In retrospect the bill’s passage or defeat seems irrelevant. In 1959 the United States Supreme Court declared a similar ban in Louisiana unconstitutional, and the Brown decision on school integration was slowly being carried out throughout the South. For a brief period in the late 1950s, Alabama and Mississippi teams refused invitations to national tournaments and bowl games against mixed-race teams, but eventually they, too, capitulated.

As Southern schools became integrated, it was inevitable that their athletic teams would follow suit. First to fall were the Southwestern and Atlantic Conference schools. Eventually the Southeastern Conference (SEC) border states joined them in fielding mixed-race teams. In 1971 Ole Miss itself had a black basketball player and in 1972 a black football player. By 1975, close to half the athletes in all sports in the SEC were black, and in 1980 the number reached 70 percent. Today the figure is no doubt even higher.

What difference does it make whether sports teams are integrated or whether white players take the field against blacks?

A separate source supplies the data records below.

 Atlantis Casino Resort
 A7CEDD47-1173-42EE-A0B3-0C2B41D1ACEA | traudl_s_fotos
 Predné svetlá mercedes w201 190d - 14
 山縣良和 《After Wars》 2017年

During the Sugar Bowl controversy of late 1955, the Atlanta Constitution criticized Roy Harris and Hugh Grant for thinking that “a football game (is) a social event. No tea will be served. As further assurance for the extremist group, there are no females on either team and there is absolutely no danger of intermarriage as a result.”

It is significant that the paper implicitly endorsed social segregation and condemned miscegenation, but it failed to think things through. The Constitution and the pro-game contingent failed to grasp that any form of easy social mingling inevitably yields friendships and eventually, inter-racial dating and marriage. As the reality of fewer than 50 years later demonstrates, the prophecies of the integrationists were wrong, and those of the segregationists were right.

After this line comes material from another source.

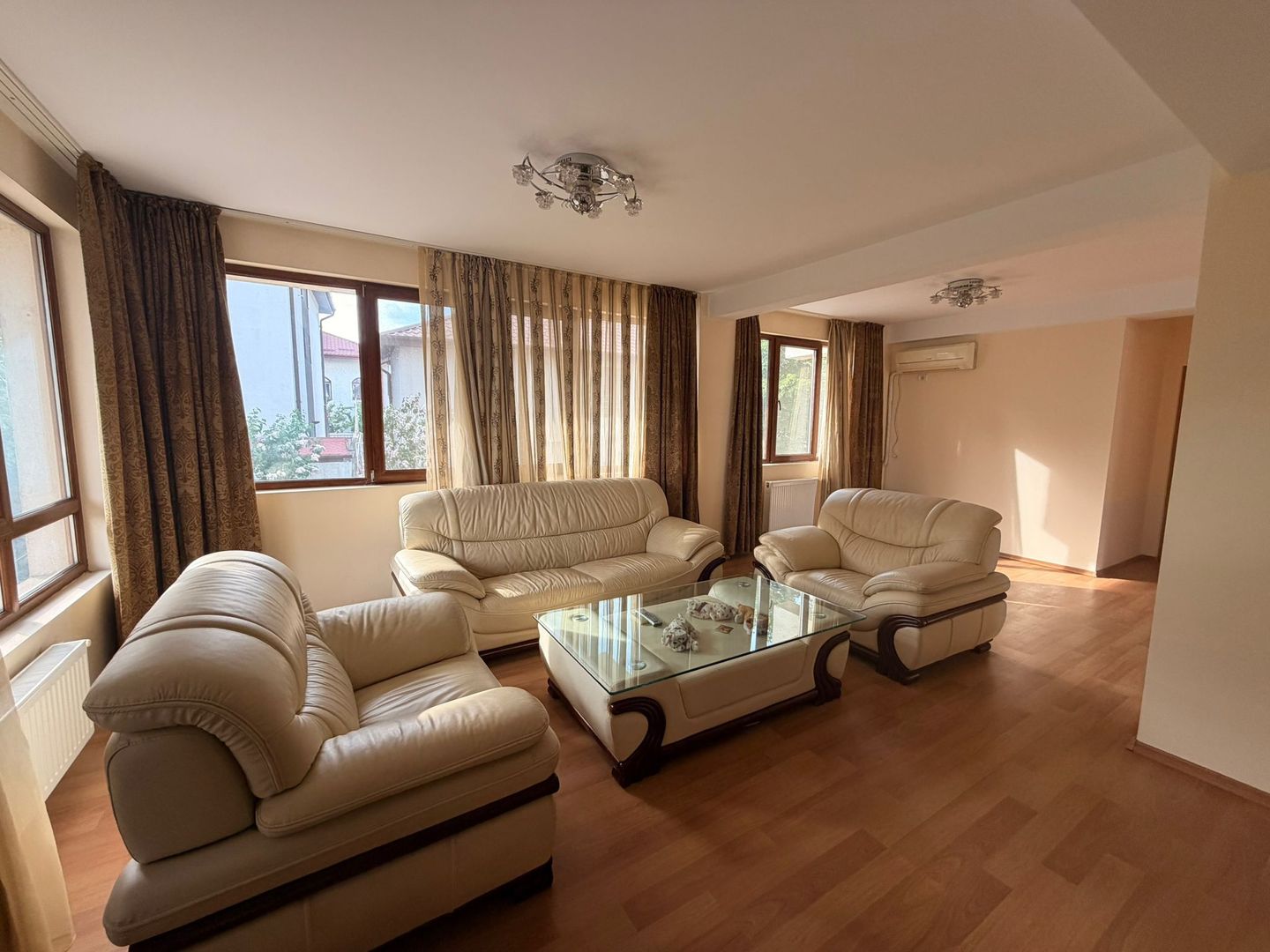 Apartament 3 camere spatios - Voluntari - 113 mp - Poză 1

Furthermore, the entry of large numbers of blacks into sports changes their very character. Black behavior is the precise opposite of the standards of graciousness, humility, and sportsmanship whites developed over a period of centuries. In black-dominated sports it is now a matter of course to insult and humiliate one’s opponents, to swagger in victory and sulk in defeat. At the same time, the emergence of black “super-stars” has accelerated the general acceptance of non-whites in all areas of society.

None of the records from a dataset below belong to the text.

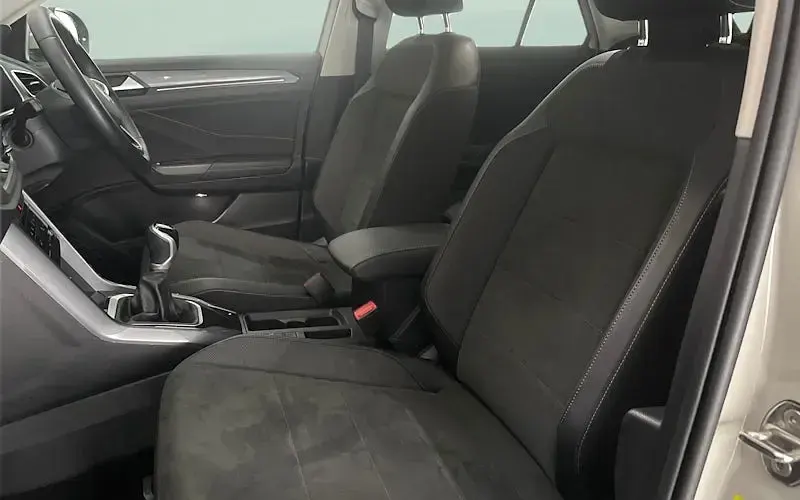Used VW T-Roc Style 150 HP (110 kW) 2025 SUV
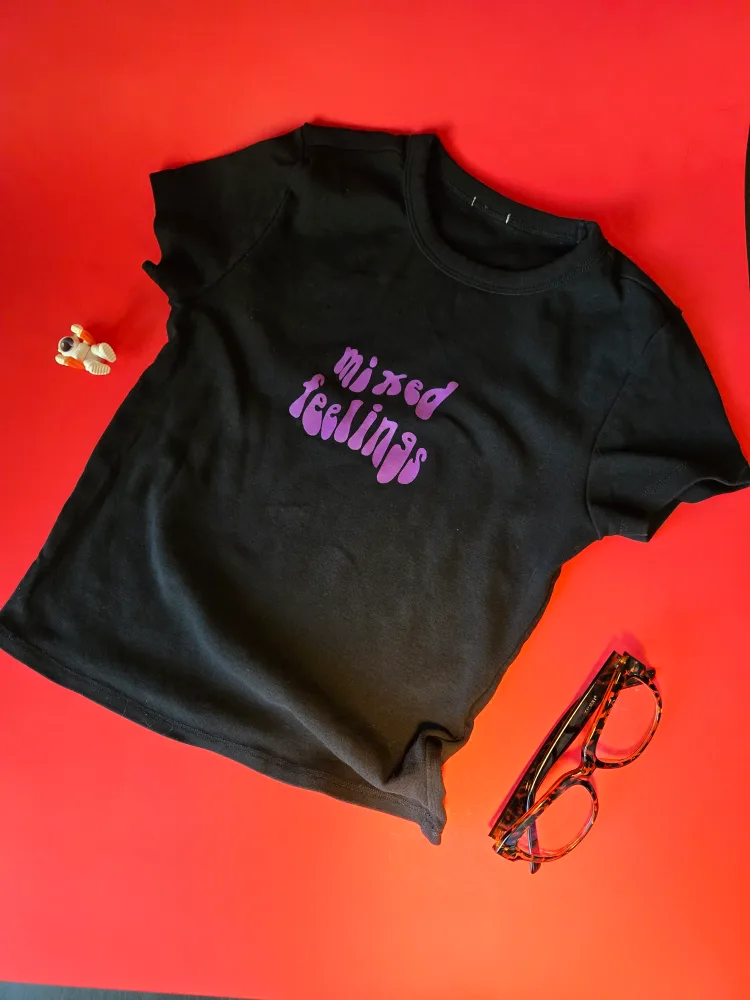 LIKE NEW GARAGE/ DYNAMITE cropped tshirt thumbnail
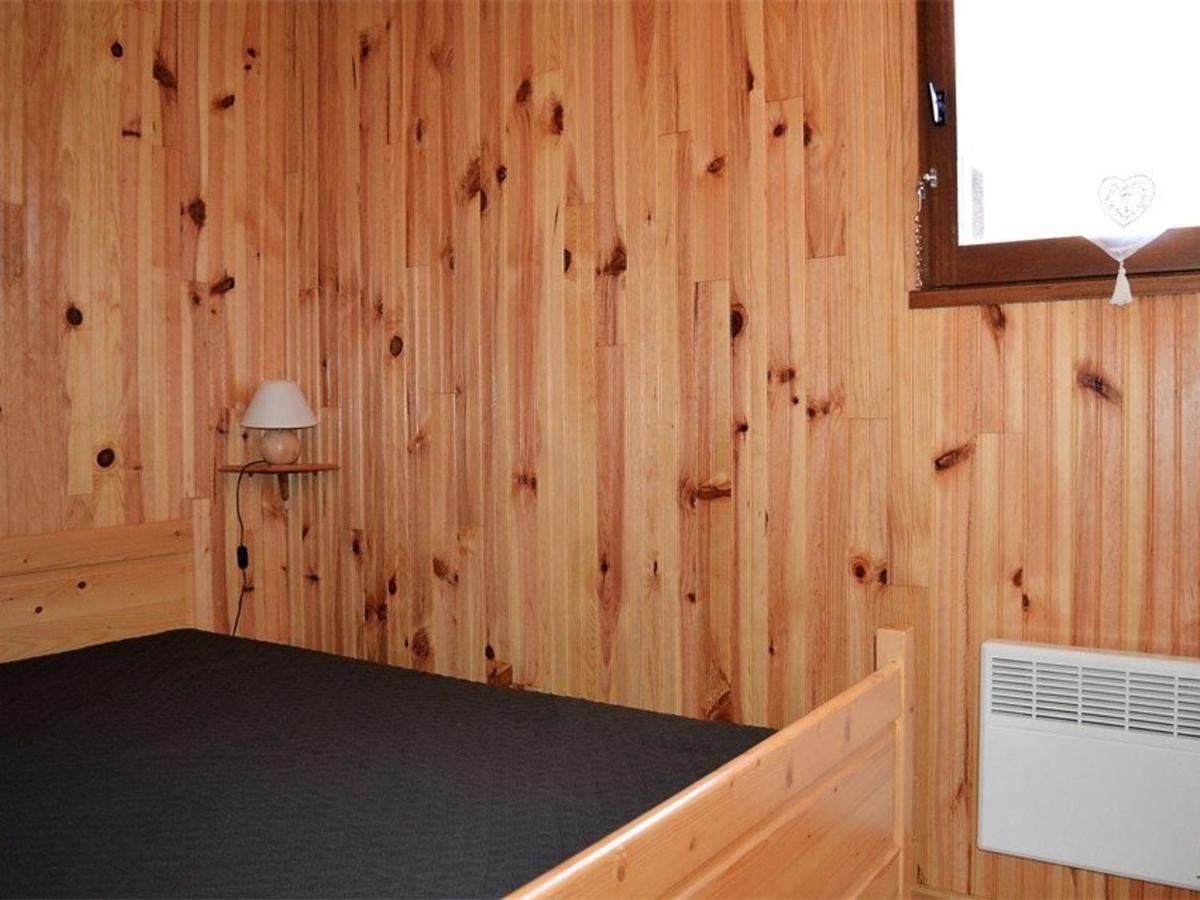 Bas De Chalet Cosy Avec Balcon Et 1 Chambre - Fr-1-593-26 Les Angles  Luaran gambar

The American South is, of course, not alone in suffering the consequences of letting athletics become the first concession against racial integrity. It was under the National Party that sports-mad South Africa opened the first breach in apartheid by letting a racially-mixed New Zealand rugby team tour the country in the late 1960s. Three decades later, it was the same National Party that surrendered the entire country to black rule and the savagery that has followed. White Rhodesians wanted to play international cricket — and got the nightmare of rule by Robert Mugabe.

As for the students of Georgia Tech, all they wanted was to play in the Sugar Bowl. They have lived to see their grandchildren come of age in a multi-racial South, in which whites have no more racial pride than New Yorkers or Californians.

If it was not entirely clear in 1957, it is certainly clear today. Whites everywhere are under siege; and for a people under siege there can be no compromise.